[Prompt] Look through the material below and show every line with the word "Chicago".
------------------------------------
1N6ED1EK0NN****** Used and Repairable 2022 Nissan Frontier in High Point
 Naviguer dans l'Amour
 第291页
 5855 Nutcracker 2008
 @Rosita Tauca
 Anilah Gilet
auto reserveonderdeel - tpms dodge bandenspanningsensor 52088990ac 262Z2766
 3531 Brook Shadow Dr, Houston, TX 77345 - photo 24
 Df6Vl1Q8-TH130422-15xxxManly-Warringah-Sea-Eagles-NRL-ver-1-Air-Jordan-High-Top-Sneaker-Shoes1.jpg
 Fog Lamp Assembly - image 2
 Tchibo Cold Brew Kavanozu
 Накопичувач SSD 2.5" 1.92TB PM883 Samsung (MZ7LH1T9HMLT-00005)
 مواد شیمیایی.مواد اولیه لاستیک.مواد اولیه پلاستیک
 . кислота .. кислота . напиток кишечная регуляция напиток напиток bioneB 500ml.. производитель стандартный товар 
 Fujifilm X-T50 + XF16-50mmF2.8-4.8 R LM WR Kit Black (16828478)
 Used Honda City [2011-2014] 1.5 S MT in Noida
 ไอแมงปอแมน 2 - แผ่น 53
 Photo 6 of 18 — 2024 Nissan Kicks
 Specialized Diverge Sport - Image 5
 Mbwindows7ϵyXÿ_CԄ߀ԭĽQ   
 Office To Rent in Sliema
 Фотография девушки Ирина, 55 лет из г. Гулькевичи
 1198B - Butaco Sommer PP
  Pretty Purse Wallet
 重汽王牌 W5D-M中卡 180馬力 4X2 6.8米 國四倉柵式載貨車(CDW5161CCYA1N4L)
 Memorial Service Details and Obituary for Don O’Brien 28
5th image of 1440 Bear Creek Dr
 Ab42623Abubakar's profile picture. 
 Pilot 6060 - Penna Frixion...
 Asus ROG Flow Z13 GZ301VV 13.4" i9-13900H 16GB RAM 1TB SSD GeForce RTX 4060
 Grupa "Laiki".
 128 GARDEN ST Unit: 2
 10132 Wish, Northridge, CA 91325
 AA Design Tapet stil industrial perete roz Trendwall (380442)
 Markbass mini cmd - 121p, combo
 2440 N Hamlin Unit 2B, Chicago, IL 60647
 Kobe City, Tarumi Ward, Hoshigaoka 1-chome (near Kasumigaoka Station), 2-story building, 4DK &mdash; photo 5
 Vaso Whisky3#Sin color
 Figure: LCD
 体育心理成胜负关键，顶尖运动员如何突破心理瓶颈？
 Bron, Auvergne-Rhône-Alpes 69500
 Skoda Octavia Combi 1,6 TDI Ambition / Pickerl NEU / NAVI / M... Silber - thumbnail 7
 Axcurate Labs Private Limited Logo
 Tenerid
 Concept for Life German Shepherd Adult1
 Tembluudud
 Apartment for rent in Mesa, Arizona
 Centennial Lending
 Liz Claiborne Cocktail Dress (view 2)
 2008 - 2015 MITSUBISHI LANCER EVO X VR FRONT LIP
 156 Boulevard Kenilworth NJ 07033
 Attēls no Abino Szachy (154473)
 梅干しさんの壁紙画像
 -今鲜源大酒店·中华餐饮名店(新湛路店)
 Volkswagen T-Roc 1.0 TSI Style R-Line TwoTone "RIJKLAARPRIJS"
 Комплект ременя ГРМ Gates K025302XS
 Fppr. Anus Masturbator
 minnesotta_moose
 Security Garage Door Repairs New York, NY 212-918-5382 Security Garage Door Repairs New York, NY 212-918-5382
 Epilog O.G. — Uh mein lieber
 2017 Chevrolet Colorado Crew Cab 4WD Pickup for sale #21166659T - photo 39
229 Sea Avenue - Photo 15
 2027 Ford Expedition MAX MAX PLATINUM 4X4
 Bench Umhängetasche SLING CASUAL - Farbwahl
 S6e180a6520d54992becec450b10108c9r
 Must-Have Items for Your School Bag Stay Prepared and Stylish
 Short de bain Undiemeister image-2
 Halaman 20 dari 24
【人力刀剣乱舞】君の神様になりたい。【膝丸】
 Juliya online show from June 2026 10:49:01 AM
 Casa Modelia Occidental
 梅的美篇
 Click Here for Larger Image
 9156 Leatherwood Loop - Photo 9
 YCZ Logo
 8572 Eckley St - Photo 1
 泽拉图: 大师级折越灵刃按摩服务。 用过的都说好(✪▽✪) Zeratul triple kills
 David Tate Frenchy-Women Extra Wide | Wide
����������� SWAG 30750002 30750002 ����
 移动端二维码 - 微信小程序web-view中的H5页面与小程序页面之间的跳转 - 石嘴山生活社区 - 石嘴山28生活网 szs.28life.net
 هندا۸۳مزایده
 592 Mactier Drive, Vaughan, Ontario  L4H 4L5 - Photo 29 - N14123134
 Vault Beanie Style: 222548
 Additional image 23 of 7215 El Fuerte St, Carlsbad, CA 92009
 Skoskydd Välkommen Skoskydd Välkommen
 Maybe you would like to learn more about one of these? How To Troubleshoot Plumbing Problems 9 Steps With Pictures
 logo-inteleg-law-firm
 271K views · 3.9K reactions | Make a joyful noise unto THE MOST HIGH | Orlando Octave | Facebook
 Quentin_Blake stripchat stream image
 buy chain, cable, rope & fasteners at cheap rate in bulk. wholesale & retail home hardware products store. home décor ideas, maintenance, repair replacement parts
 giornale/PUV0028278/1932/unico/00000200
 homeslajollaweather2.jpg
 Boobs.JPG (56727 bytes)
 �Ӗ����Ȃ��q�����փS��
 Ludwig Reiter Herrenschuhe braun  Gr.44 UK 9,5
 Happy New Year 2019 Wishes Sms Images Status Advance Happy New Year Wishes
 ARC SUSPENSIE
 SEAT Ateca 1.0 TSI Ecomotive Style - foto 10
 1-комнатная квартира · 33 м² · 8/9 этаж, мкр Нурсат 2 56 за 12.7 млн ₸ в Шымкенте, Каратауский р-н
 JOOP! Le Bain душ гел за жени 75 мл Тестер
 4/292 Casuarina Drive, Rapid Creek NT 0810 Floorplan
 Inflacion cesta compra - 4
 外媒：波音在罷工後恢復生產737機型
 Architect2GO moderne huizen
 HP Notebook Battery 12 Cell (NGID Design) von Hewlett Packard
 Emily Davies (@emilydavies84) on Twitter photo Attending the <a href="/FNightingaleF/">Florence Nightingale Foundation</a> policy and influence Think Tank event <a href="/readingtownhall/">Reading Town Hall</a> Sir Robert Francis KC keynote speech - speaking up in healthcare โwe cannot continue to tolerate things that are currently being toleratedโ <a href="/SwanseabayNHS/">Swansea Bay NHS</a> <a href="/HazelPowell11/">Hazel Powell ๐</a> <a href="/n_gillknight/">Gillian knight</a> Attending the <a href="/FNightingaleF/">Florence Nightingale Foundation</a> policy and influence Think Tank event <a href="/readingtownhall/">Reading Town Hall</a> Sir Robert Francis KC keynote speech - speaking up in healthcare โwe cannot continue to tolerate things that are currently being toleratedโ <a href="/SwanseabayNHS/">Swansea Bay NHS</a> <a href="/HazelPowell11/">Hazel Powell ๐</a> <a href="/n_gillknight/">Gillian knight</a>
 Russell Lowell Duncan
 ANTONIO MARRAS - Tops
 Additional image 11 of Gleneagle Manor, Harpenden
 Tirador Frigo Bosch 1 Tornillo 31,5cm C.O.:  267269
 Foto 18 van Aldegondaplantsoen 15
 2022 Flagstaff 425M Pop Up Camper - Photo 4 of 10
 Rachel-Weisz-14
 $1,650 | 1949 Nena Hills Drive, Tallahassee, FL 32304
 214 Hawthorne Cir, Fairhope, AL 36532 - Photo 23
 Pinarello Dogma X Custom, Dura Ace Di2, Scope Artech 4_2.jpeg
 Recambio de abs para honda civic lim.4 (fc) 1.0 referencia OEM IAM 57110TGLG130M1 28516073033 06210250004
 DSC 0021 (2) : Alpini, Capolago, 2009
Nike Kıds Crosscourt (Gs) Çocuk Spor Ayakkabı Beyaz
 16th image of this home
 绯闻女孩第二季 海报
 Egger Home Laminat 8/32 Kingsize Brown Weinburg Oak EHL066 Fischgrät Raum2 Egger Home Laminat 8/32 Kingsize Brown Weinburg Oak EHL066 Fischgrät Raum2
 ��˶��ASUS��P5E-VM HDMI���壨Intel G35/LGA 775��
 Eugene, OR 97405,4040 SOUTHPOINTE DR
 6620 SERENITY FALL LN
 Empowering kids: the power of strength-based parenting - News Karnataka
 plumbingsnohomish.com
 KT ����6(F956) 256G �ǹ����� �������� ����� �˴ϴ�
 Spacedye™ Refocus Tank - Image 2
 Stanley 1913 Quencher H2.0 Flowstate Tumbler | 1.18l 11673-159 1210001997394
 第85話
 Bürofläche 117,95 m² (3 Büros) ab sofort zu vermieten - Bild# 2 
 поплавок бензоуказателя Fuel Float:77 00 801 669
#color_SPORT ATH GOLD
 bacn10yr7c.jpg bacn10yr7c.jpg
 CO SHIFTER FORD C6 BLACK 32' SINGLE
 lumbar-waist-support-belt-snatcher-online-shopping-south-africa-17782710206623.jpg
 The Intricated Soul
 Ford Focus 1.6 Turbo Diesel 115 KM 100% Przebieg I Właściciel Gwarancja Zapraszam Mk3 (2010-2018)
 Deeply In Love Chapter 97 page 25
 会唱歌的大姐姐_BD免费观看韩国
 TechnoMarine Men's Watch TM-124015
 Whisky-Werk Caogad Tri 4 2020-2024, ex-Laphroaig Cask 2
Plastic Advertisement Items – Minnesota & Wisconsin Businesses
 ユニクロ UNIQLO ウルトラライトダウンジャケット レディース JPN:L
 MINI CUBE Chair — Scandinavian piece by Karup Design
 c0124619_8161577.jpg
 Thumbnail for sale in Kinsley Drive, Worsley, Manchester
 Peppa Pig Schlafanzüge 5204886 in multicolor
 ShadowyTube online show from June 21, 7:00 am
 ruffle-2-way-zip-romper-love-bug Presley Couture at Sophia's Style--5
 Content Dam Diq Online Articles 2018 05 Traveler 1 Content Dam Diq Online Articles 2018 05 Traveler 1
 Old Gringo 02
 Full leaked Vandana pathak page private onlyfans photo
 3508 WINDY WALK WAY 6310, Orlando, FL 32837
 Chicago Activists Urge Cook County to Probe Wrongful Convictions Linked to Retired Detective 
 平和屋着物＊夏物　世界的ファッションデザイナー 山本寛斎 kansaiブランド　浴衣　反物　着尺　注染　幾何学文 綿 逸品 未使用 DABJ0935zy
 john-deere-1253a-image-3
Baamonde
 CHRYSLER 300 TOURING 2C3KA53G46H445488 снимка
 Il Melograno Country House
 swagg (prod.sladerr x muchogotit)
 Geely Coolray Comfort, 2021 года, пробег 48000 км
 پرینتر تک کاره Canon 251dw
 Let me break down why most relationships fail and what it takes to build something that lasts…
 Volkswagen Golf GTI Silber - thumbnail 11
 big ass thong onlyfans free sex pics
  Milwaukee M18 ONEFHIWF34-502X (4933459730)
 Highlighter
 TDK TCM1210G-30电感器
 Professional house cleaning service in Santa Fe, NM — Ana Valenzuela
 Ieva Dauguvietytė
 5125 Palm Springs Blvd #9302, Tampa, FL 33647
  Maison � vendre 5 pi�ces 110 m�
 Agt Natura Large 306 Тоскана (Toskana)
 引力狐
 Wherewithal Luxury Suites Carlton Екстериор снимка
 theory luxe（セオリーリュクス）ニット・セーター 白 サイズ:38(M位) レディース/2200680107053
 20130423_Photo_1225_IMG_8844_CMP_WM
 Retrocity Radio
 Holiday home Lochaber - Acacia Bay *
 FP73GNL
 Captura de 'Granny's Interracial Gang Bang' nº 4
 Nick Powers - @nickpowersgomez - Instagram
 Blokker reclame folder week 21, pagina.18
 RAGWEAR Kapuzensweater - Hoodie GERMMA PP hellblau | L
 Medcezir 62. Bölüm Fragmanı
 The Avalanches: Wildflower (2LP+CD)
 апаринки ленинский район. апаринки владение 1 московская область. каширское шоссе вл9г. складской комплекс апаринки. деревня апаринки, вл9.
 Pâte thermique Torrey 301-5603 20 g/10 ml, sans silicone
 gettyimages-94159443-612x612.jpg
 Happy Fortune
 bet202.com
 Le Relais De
------------------------------------
[Exercise output]
 2440 N Hamlin Unit 2B, Chicago, IL 60647
 Chicago Activists Urge Cook County to Probe Wrongful Convictions Linked to Retired Detective 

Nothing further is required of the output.